Input:
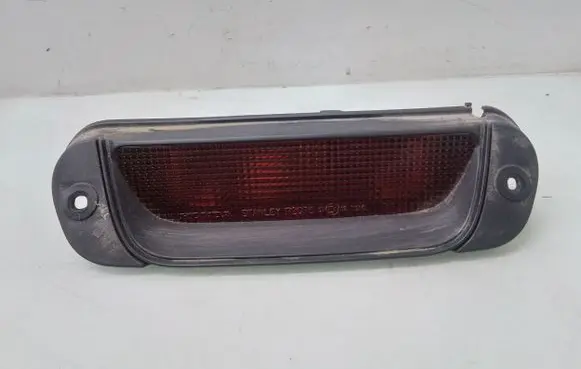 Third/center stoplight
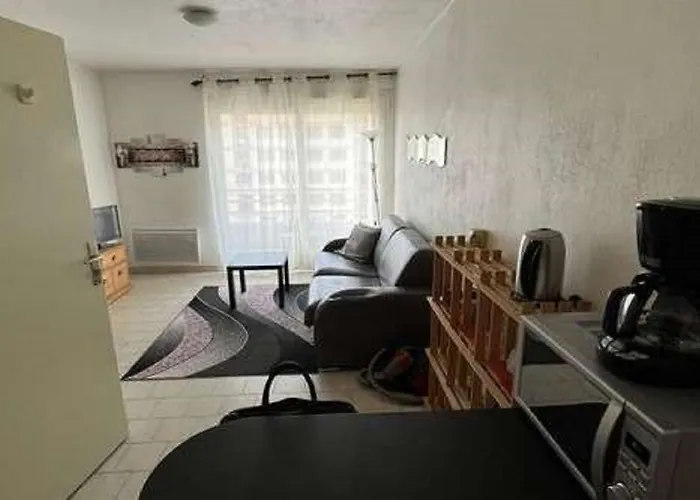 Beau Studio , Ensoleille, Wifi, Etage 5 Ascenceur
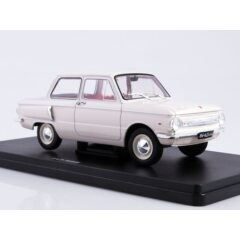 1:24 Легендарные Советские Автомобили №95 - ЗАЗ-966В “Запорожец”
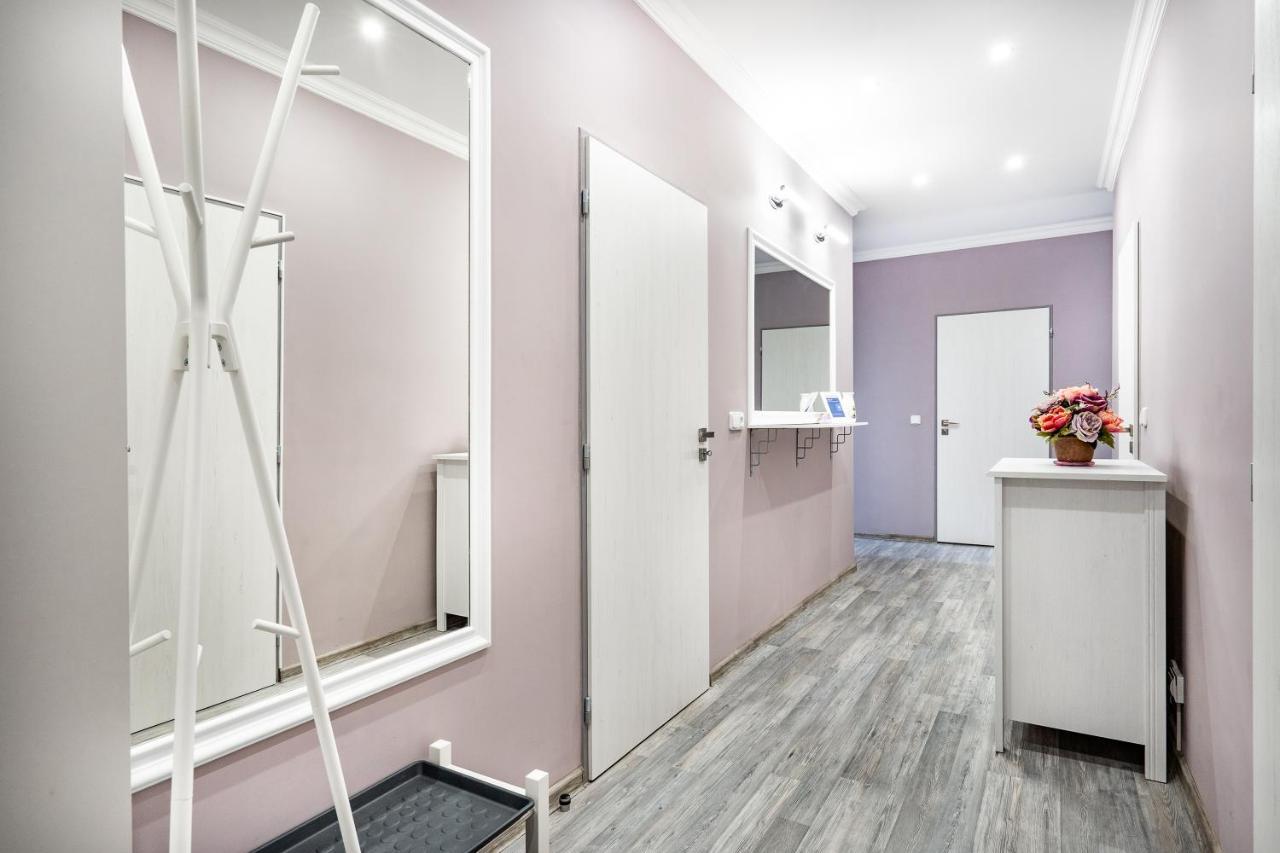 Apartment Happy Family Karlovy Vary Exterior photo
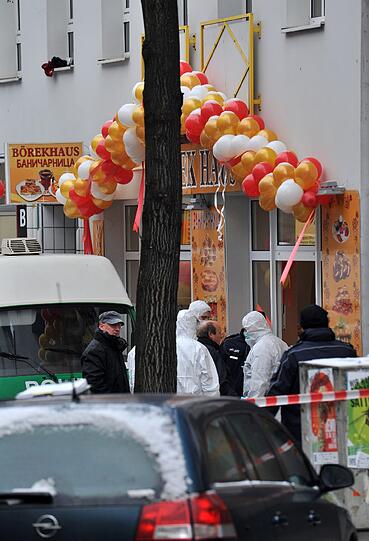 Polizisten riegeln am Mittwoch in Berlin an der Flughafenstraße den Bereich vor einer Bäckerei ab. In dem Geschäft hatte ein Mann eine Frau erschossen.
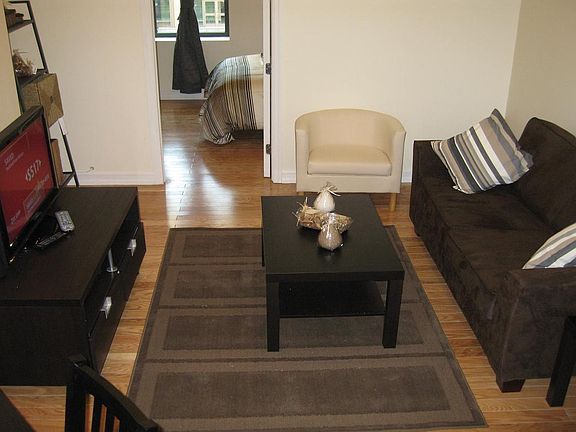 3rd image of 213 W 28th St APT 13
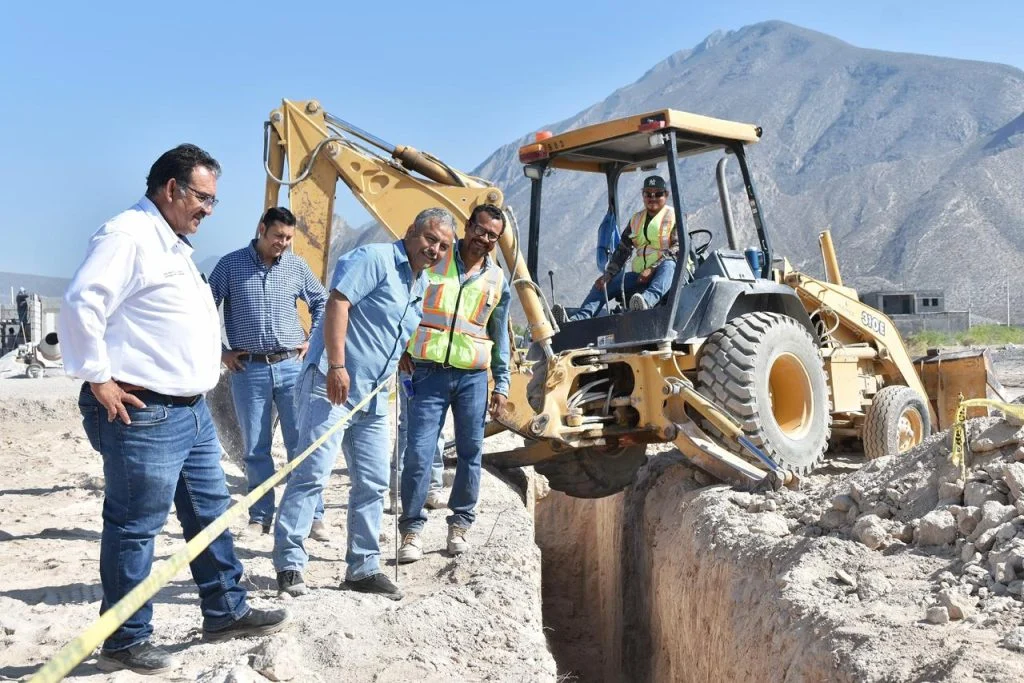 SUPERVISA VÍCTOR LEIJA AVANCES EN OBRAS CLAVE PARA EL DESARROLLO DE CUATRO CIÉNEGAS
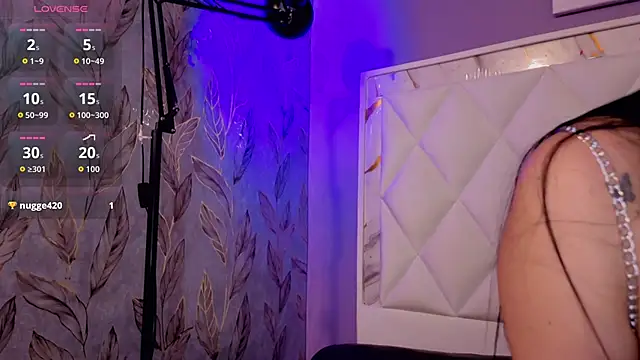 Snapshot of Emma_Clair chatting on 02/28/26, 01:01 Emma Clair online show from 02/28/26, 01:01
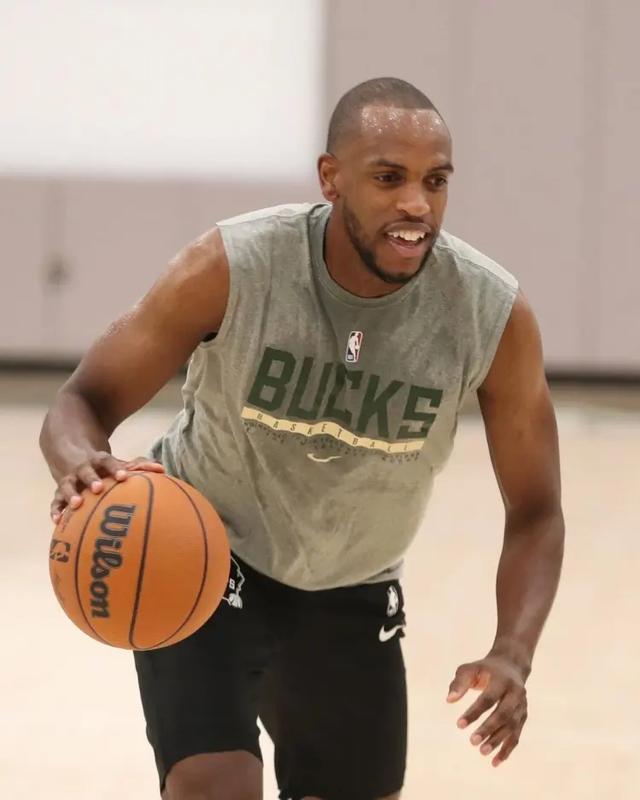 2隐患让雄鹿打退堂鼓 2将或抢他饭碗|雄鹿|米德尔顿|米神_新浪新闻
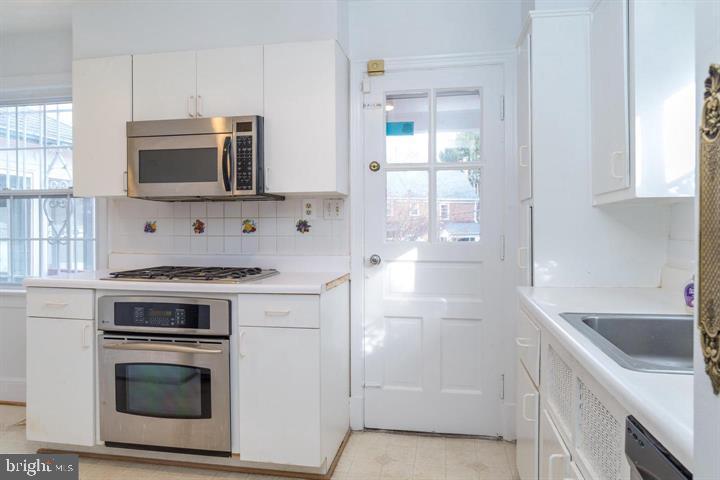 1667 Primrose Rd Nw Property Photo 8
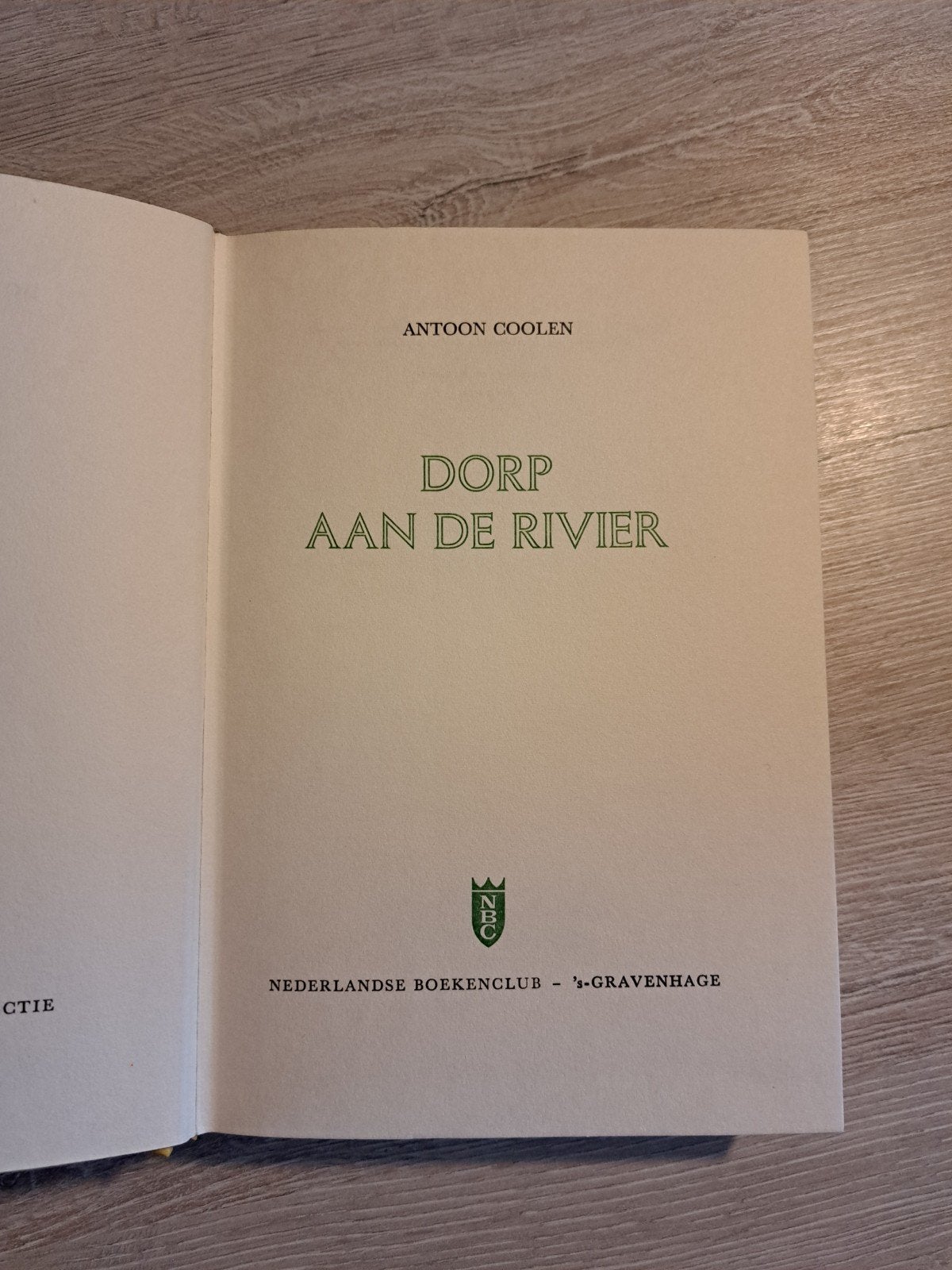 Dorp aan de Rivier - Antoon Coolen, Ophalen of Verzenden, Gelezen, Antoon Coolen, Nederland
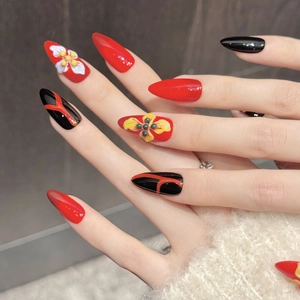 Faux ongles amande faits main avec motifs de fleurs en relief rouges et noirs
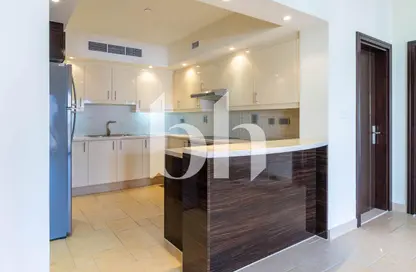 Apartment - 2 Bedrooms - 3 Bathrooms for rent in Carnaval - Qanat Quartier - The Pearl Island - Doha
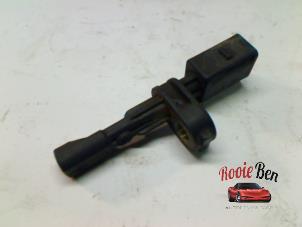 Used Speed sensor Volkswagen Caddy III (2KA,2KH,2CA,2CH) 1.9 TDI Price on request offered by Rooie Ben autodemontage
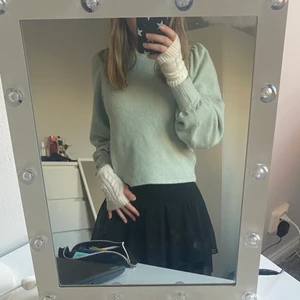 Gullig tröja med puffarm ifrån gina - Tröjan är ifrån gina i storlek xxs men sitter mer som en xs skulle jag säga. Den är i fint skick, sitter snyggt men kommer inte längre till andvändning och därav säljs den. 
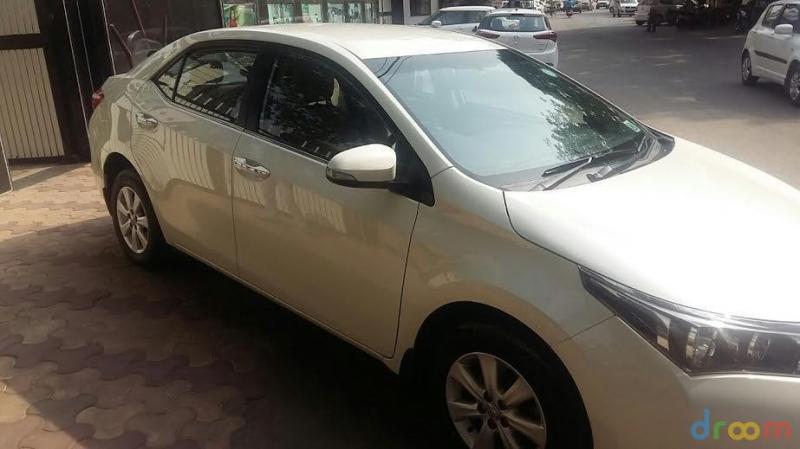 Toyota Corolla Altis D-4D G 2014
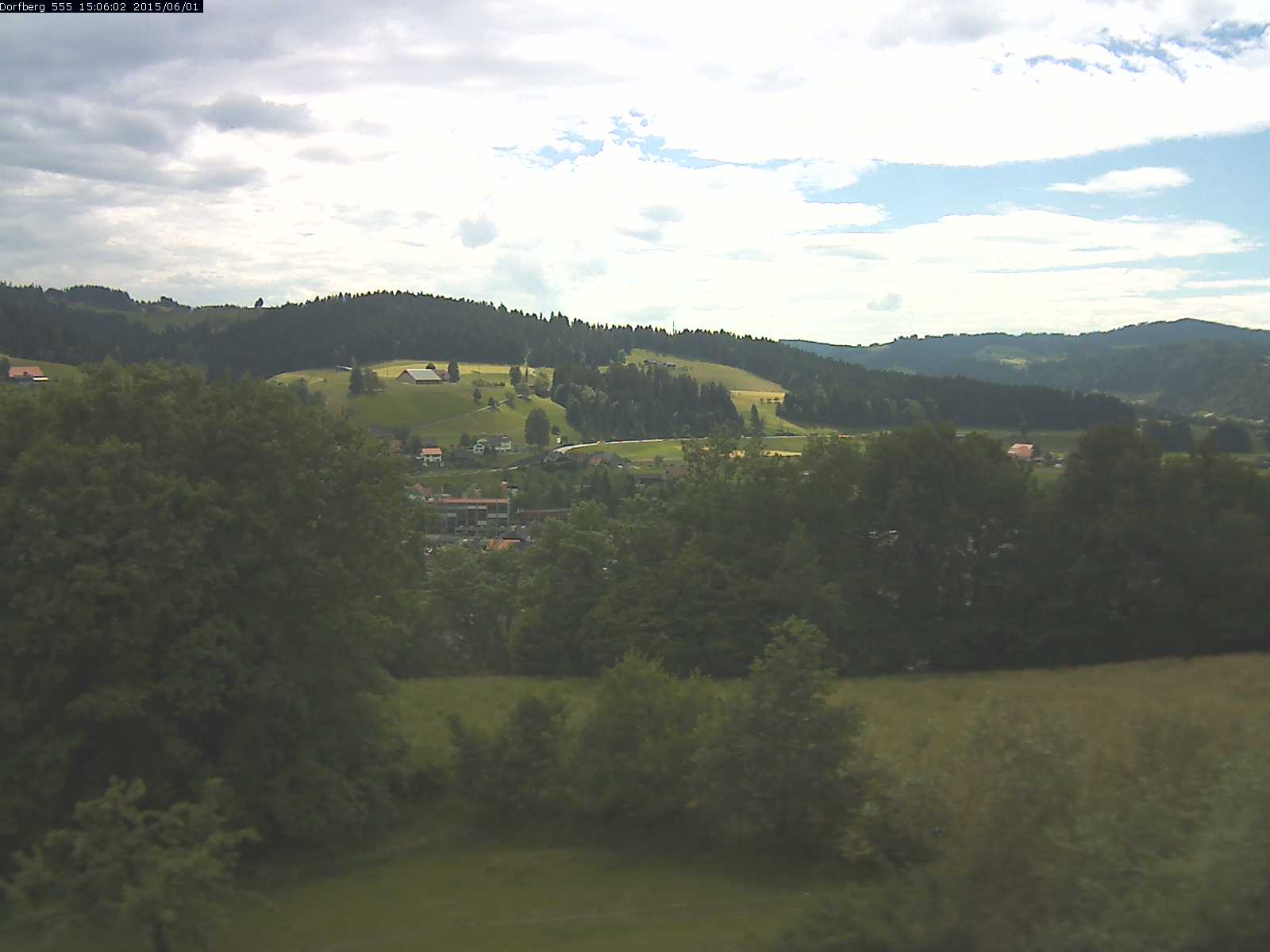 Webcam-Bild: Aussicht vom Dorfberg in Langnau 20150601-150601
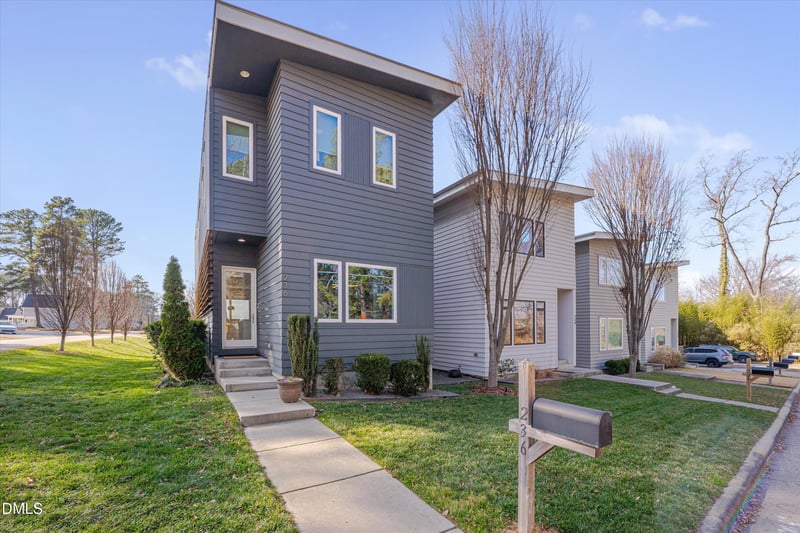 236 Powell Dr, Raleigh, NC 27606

Directions for this task: Your task is to reproduce exactly the lines from the one with "2隐患让雄鹿打退堂鼓 2将或抢他饭碗|雄鹿|米德尔顿|米神_新浪新闻" to the end of the material, both included, with the pictures left out.

Solution to the problem:
 2隐患让雄鹿打退堂鼓 2将或抢他饭碗|雄鹿|米德尔顿|米神_新浪新闻
 1667 Primrose Rd Nw Property Photo 8
 Dorp aan de Rivier - Antoon Coolen, Ophalen of Verzenden, Gelezen, Antoon Coolen, Nederland
 Faux ongles amande faits main avec motifs de fleurs en relief rouges et noirs
 Apartment - 2 Bedrooms - 3 Bathrooms for rent in Carnaval - Qanat Quartier - The Pearl Island - Doha
 Used Speed sensor Volkswagen Caddy III (2KA,2KH,2CA,2CH) 1.9 TDI Price on request offered by Rooie Ben autodemontage
 Gullig tröja med puffarm ifrån gina - Tröjan är ifrån gina i storlek xxs men sitter mer som en xs skulle jag säga. Den är i fint skick, sitter snyggt men kommer inte längre till andvändning och därav säljs den. 
 Toyota Corolla Altis D-4D G 2014
 Webcam-Bild: Aussicht vom Dorfberg in Langnau 20150601-150601
 236 Powell Dr, Raleigh, NC 27606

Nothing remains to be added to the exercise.